_Aim of the exercise_. Exactly the lines from the one with "Naxos däckstolsdyna antracit med nackkudde" through the end of the data below must be set down, and no pictures with them.

_Data excerpt_.

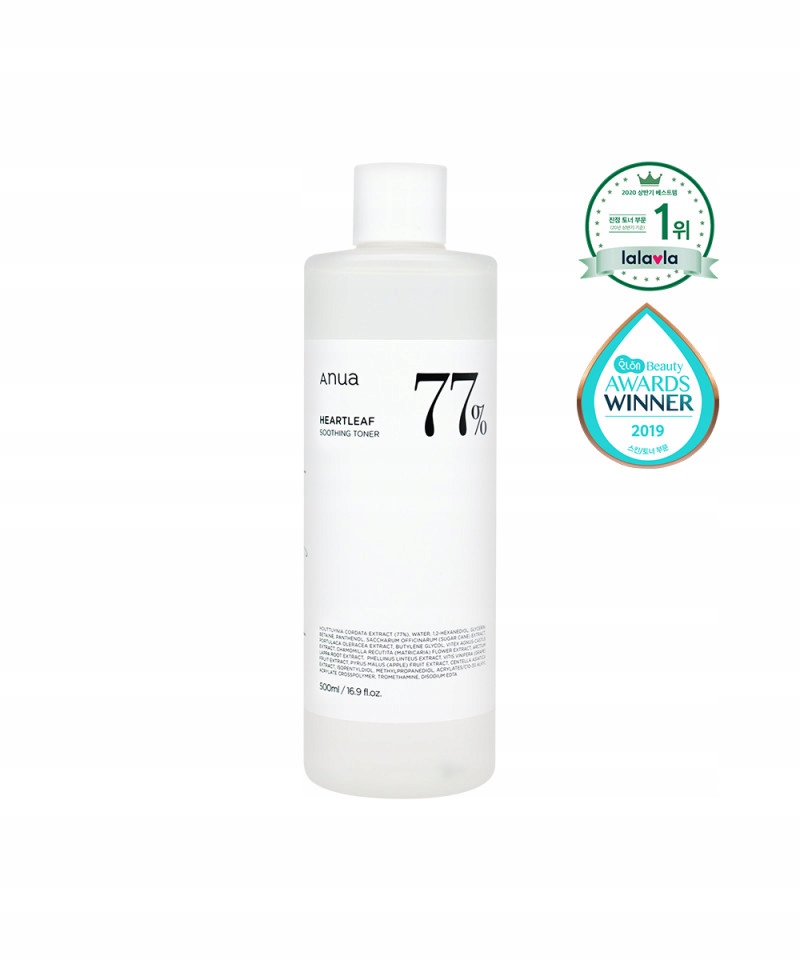 Anua Heartleaf 77% Soothing Toner 500 ml Zklidňující a hydratační tonikum na obličej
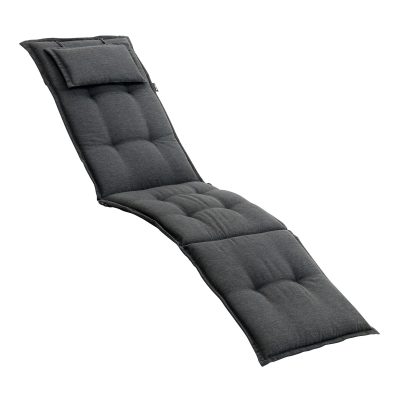 Naxos däckstolsdyna antracit med nackkudde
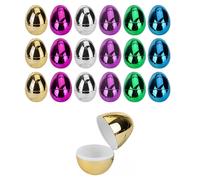 Da Riempire Metallico Pasqua Uova 18 Pacco 4.5cm Riutilizzabile Plastica Caccia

_Finished exercise_.
 Naxos däckstolsdyna antracit med nackkudde
 Da Riempire Metallico Pasqua Uova 18 Pacco 4.5cm Riutilizzabile Plastica Caccia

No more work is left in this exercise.